What to work on → Give again, unaltered, the lines of the listing below that run from the line having "Von links: Robert" through the line having "10535 Brevity Dr — Photo 43".
------ Supplied material ------
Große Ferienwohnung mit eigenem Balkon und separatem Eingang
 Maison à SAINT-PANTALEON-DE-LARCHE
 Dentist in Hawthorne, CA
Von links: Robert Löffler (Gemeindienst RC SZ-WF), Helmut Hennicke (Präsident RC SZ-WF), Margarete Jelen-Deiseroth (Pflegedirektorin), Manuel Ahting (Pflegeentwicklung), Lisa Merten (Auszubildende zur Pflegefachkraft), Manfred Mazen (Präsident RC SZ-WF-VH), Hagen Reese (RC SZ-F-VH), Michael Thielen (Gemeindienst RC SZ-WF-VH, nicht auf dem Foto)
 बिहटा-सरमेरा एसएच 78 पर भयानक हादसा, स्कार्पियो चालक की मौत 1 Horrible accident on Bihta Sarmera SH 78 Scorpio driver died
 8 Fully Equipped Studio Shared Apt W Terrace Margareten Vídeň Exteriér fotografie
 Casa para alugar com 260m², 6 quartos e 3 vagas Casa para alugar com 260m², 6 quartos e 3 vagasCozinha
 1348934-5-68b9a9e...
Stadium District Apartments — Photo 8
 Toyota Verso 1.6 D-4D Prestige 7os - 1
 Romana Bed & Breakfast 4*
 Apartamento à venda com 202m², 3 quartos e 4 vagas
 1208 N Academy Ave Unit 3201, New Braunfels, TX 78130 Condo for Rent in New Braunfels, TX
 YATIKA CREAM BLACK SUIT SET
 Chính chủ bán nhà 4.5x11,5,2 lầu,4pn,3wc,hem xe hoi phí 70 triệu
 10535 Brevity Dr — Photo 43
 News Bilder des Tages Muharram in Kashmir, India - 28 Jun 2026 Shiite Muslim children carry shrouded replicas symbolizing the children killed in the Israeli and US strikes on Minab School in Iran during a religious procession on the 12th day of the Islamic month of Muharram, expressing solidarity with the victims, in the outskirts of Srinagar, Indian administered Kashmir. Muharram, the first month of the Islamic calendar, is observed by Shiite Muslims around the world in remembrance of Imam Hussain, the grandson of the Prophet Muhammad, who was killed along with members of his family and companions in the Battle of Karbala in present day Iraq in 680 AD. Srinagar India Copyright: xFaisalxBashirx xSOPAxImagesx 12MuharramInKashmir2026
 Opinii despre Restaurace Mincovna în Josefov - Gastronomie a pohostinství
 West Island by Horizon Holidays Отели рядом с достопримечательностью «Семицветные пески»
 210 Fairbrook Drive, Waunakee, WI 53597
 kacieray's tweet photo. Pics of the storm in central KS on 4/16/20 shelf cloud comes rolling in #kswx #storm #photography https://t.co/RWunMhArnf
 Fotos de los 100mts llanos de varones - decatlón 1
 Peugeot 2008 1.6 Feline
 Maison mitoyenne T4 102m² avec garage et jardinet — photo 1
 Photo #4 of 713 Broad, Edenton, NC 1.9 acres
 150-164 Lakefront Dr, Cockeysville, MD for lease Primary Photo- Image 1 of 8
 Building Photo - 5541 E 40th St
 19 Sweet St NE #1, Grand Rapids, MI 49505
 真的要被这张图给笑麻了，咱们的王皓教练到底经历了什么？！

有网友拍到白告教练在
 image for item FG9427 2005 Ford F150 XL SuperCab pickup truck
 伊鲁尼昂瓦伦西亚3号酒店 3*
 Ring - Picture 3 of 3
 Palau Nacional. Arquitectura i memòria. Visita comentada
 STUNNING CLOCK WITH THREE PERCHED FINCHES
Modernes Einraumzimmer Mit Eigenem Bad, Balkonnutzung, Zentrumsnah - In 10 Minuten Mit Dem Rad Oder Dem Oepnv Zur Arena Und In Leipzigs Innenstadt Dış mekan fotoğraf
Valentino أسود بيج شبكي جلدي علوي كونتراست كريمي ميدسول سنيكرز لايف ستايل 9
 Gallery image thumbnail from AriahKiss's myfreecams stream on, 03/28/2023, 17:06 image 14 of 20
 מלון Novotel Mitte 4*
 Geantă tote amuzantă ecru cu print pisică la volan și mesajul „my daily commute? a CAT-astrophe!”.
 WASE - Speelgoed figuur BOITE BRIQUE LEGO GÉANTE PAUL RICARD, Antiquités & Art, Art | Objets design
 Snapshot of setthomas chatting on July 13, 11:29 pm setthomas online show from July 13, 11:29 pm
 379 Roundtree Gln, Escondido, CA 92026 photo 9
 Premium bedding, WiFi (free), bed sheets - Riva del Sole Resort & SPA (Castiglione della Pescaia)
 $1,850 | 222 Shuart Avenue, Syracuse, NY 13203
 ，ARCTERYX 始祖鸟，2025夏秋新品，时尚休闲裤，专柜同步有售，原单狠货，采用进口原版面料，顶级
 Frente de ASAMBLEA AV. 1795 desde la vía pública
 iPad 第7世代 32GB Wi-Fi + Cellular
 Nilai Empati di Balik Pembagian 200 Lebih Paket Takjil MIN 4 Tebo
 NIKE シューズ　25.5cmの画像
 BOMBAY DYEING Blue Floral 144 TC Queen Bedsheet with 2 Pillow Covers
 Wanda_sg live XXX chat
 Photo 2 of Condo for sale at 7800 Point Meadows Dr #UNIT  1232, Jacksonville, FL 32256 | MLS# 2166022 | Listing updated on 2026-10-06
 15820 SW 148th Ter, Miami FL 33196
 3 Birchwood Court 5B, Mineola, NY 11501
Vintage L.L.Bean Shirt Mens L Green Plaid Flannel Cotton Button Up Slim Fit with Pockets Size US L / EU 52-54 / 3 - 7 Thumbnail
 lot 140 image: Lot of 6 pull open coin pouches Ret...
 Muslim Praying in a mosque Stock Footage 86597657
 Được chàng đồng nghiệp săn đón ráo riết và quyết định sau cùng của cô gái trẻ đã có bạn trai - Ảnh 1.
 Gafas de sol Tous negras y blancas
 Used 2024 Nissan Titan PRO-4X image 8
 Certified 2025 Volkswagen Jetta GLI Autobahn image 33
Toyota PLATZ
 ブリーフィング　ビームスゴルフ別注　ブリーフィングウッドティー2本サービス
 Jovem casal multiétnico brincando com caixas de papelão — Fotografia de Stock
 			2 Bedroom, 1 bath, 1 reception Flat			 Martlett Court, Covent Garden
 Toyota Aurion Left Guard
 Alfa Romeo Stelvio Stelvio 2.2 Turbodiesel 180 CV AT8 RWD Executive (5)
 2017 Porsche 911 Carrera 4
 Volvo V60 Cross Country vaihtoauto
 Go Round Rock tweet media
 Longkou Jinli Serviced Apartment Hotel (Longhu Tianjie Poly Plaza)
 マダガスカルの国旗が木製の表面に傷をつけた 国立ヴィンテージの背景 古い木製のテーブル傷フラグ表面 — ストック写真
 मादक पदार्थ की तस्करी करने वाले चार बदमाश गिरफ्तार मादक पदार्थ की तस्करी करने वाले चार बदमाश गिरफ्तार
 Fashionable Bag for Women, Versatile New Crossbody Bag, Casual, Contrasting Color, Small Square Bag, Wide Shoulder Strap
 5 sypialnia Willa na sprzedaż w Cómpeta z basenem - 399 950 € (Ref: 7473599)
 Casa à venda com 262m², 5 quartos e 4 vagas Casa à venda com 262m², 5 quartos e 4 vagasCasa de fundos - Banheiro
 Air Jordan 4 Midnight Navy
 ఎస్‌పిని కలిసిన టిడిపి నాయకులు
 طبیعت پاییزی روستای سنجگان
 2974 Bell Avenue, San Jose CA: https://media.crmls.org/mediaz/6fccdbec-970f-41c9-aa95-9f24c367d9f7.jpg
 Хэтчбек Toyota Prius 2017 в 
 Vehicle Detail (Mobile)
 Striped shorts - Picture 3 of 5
------
Exercise solution →
Von links: Robert Löffler (Gemeindienst RC SZ-WF), Helmut Hennicke (Präsident RC SZ-WF), Margarete Jelen-Deiseroth (Pflegedirektorin), Manuel Ahting (Pflegeentwicklung), Lisa Merten (Auszubildende zur Pflegefachkraft), Manfred Mazen (Präsident RC SZ-WF-VH), Hagen Reese (RC SZ-F-VH), Michael Thielen (Gemeindienst RC SZ-WF-VH, nicht auf dem Foto)
 बिहटा-सरमेरा एसएच 78 पर भयानक हादसा, स्कार्पियो चालक की मौत 1 Horrible accident on Bihta Sarmera SH 78 Scorpio driver died
 8 Fully Equipped Studio Shared Apt W Terrace Margareten Vídeň Exteriér fotografie
 Casa para alugar com 260m², 6 quartos e 3 vagas Casa para alugar com 260m², 6 quartos e 3 vagasCozinha
 1348934-5-68b9a9e...
Stadium District Apartments — Photo 8
 Toyota Verso 1.6 D-4D Prestige 7os - 1
 Romana Bed & Breakfast 4*
 Apartamento à venda com 202m², 3 quartos e 4 vagas
 1208 N Academy Ave Unit 3201, New Braunfels, TX 78130 Condo for Rent in New Braunfels, TX
 YATIKA CREAM BLACK SUIT SET
 Chính chủ bán nhà 4.5x11,5,2 lầu,4pn,3wc,hem xe hoi phí 70 triệu
 10535 Brevity Dr — Photo 43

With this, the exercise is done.